父の裴曄は并州刺史・度遼将軍を務めた[3][4]。『三国志裴潜伝の注に引く『魏略』によると、裴茂は霊帝の時代に出仕し、県令太守・尚書を歴任した[2]。また『晋書裴秀伝によると、官位は尚書令にまで昇った[5]

初平4年(193年)、侍御史の官にあり、献帝の命を受けて、獄に繋がれている者二百余人を釈放した。その中には李傕によって獄に囚われた者もあり、李傕はこれを恐れ、裴茂が勝手に囚人を釈放しているから逮捕したいと訴えた。しかし献帝はこの訴えに従わなかった[6]

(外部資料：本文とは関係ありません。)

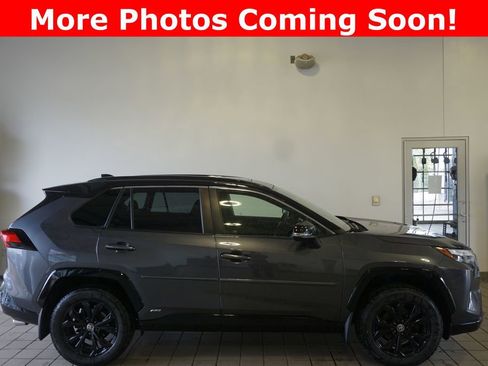 Used 2022 Toyota RAV4 XSE AWD/4WD image 2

建安3年(198年)、謁者僕射の官にあり、段煨関中の諸将を率いて李傕を討伐。三族を皆殺しとした[6]。その功により列侯に封じられた[3]

建安19年(214年)、裴茂は左中郎将・楊宣亭侯の官爵にあった。献帝の勅使として、公の曹操に金璽・赤紱・遠遊冠を授けた[7]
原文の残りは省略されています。